[Stored dataset items]
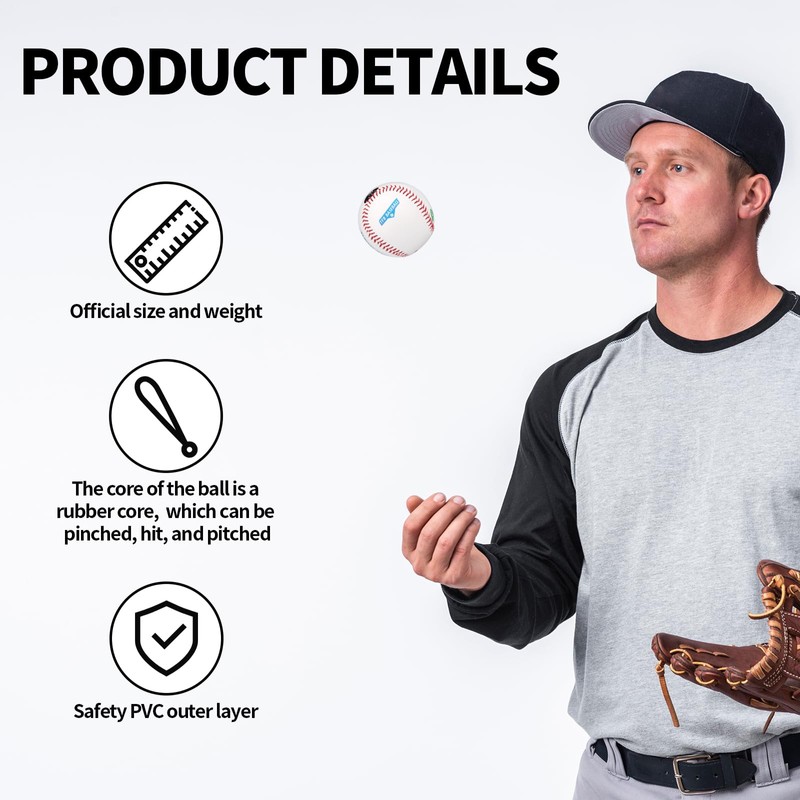 Gosknor Baseball Training Ball, Pitch Training Baseball with Finger Placement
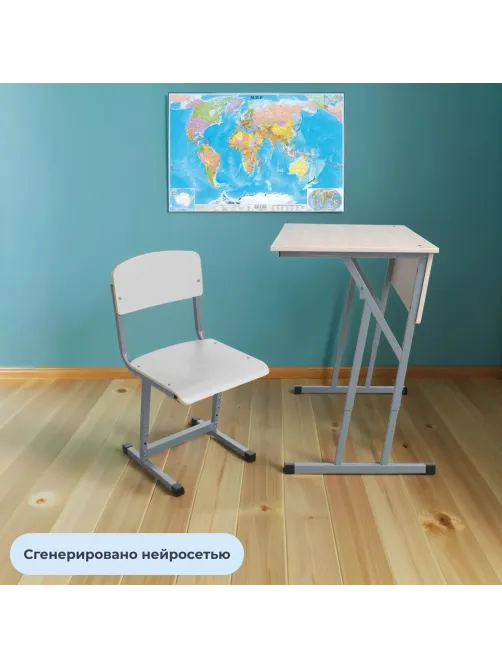 Парта MET_Комус Мебель стол ученический 2-мест.3-7р.г. дуб шамони св./серый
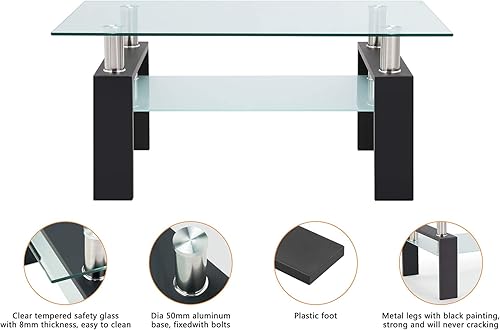 Miniatura 23 de Mesa de centro de vidrio templado para muebles de sala de estar (todo negro) Todo negro,Negro,Lift Top Negro,Nogal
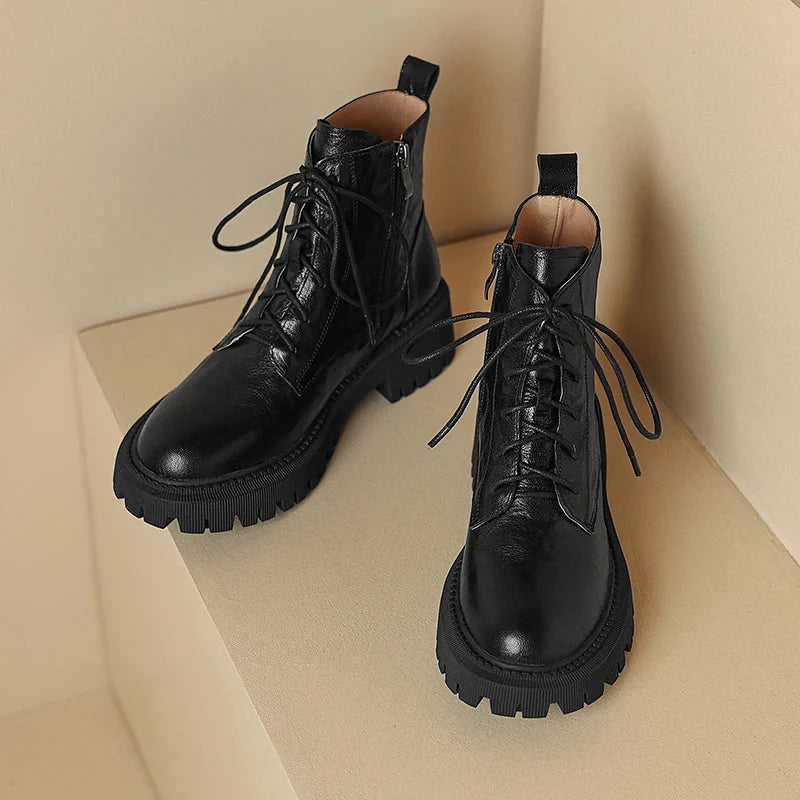 Esme | Women's Lace Up Lug Sole Chunky Boots
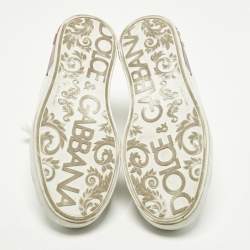 Pre Owned حذاء رياضي دولتشي أند غابانا منخفض من الأعلى بورتوفينو جلد أبيض مقاس 40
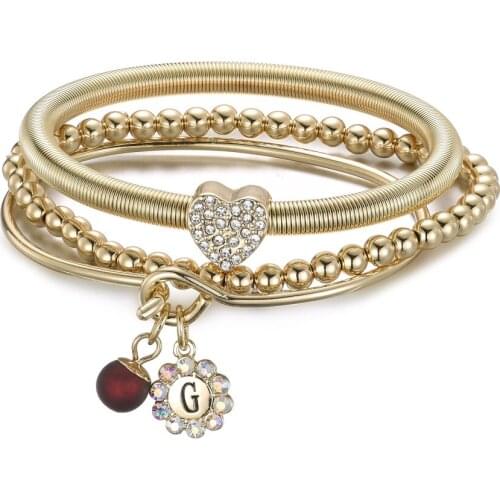 Flower Heart Crystal Charm Bracelets Set for Women Female 2021 Snake Beads Chain Bracelets Bangles Gold Jewelry 2021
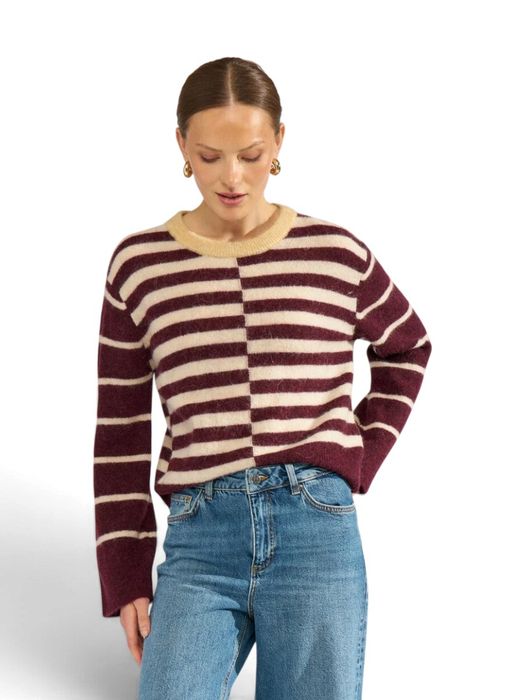 Bordeaux ecru trui met blokstrepen Nuriette block stripe Numph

**Aim of the exercise:** Each record above needs to be retyped exactly, without any pictures.

**Exercise solution:**
 Gosknor Baseball Training Ball, Pitch Training Baseball with Finger Placement
 Парта MET_Комус Мебель стол ученический 2-мест.3-7р.г. дуб шамони св./серый
 Miniatura 23 de Mesa de centro de vidrio templado para muebles de sala de estar (todo negro) Todo negro,Negro,Lift Top Negro,Nogal
 Esme | Women's Lace Up Lug Sole Chunky Boots
 Pre Owned حذاء رياضي دولتشي أند غابانا منخفض من الأعلى بورتوفينو جلد أبيض مقاس 40
 Flower Heart Crystal Charm Bracelets Set for Women Female 2021 Snake Beads Chain Bracelets Bangles Gold Jewelry 2021
 Bordeaux ecru trui met blokstrepen Nuriette block stripe Numph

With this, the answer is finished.